What to produce >> Do not copy the pictures. Write out the lines from the start of the entries through the line containing "Askeri alanda d&uuml;zenlemeler".

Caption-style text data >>
# # # # #

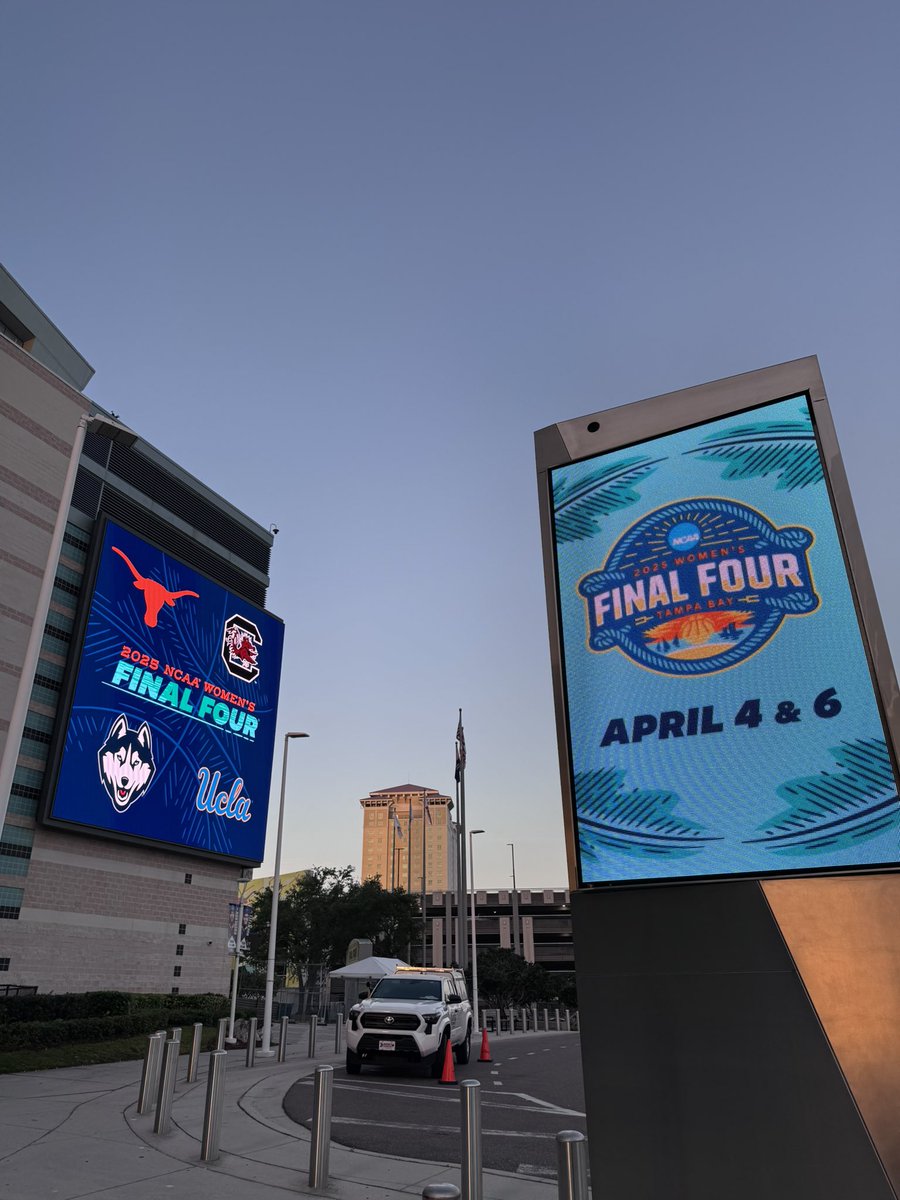 Here at the NCAA women’s basketball Final
four in Tampa. 

Surreal experience as a student journalist.
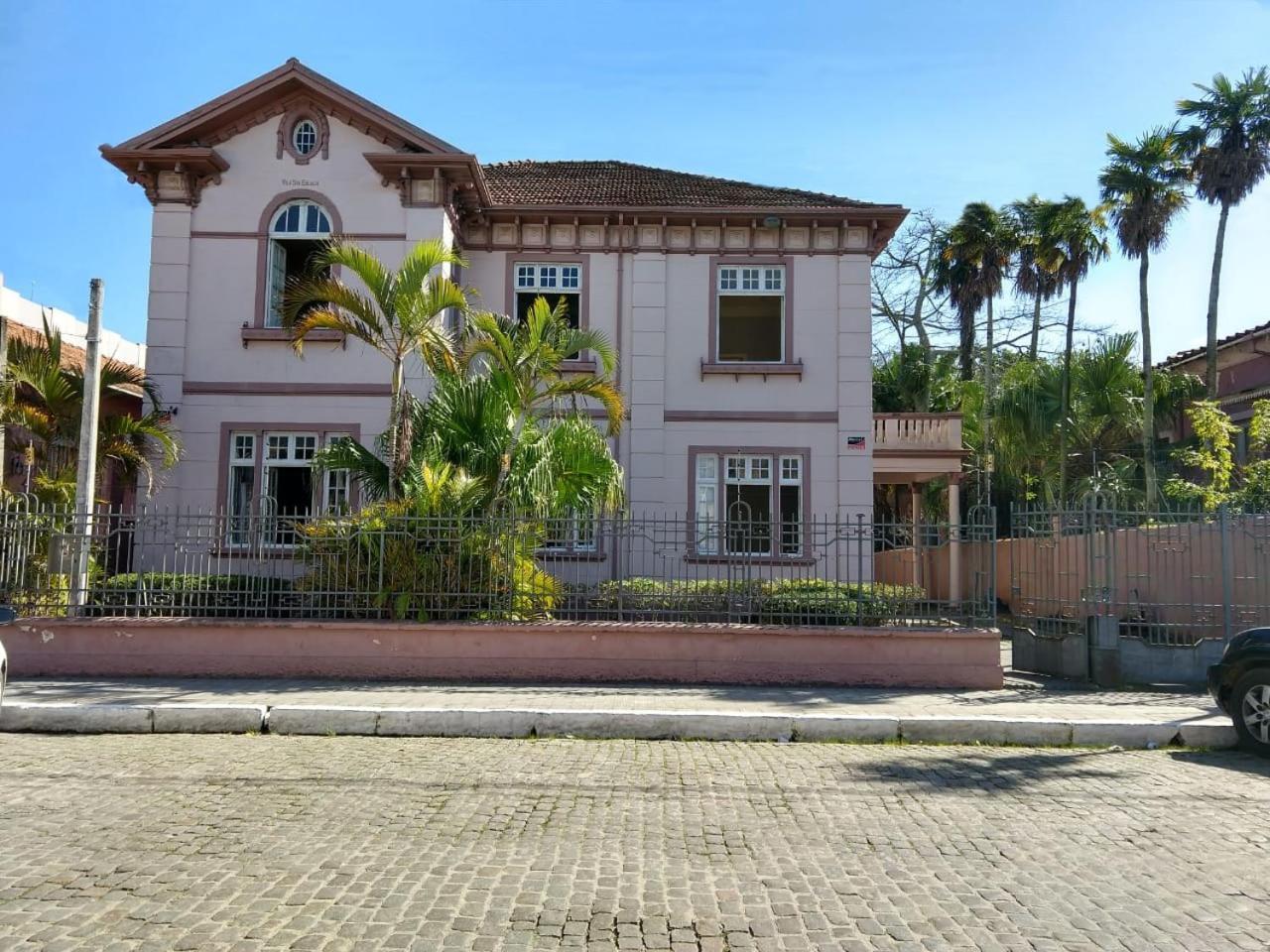 Vila Santa Eulalia Hostel Pelotas Bagian luar foto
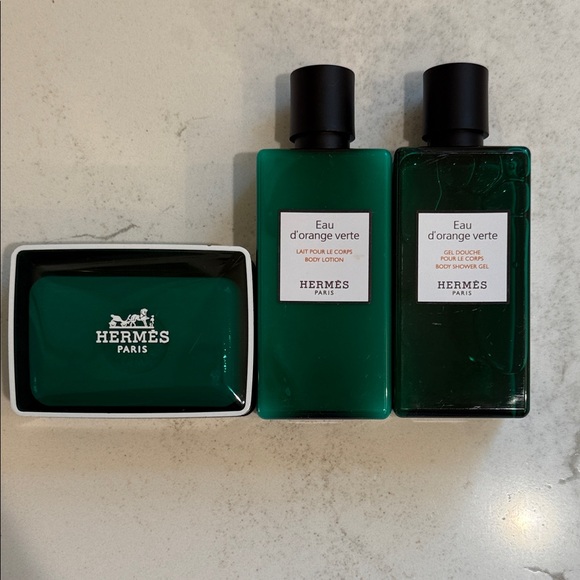 Hermes Paris Eau d'Orange Verte Toiletry Set - Picture 5 of 5
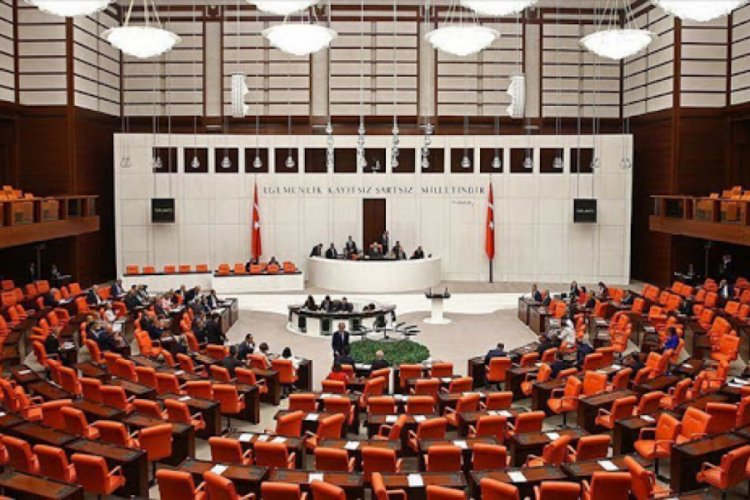 Askeri alanda d&uuml;zenlemeler i&ccedil;eren kanun teklifi komisyonda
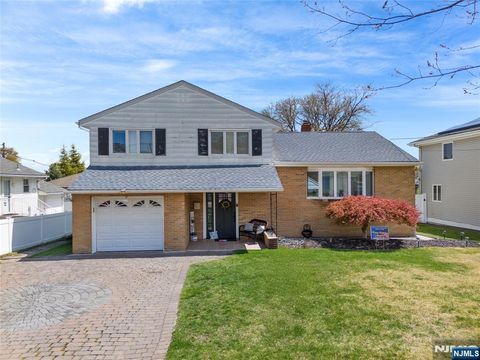 Photo of 11 Barbara Drive, Clifton, NJ 07013 (MLS # 26015855)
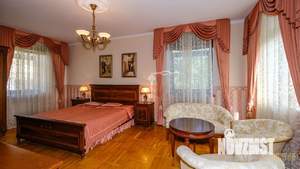 Дом 545м², 3-этажный, участок 16 сот.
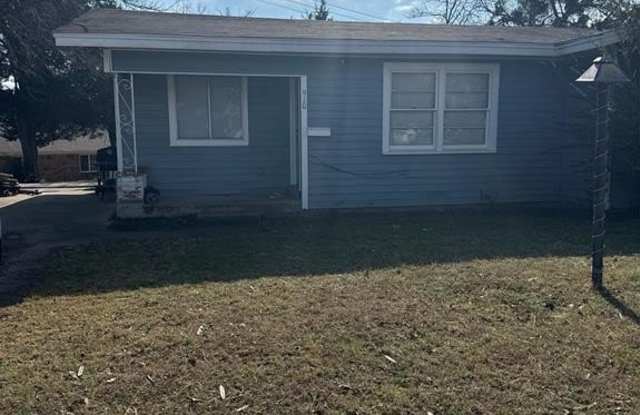 910 Circle Drive photos photos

# # # # #

Task response >>
 Here at the NCAA women’s basketball Final
four in Tampa. 

Surreal experience as a student journalist.
 Vila Santa Eulalia Hostel Pelotas Bagian luar foto
 Hermes Paris Eau d'Orange Verte Toiletry Set - Picture 5 of 5
 Askeri alanda d&uuml;zenlemeler i&ccedil;eren kanun teklifi komisyonda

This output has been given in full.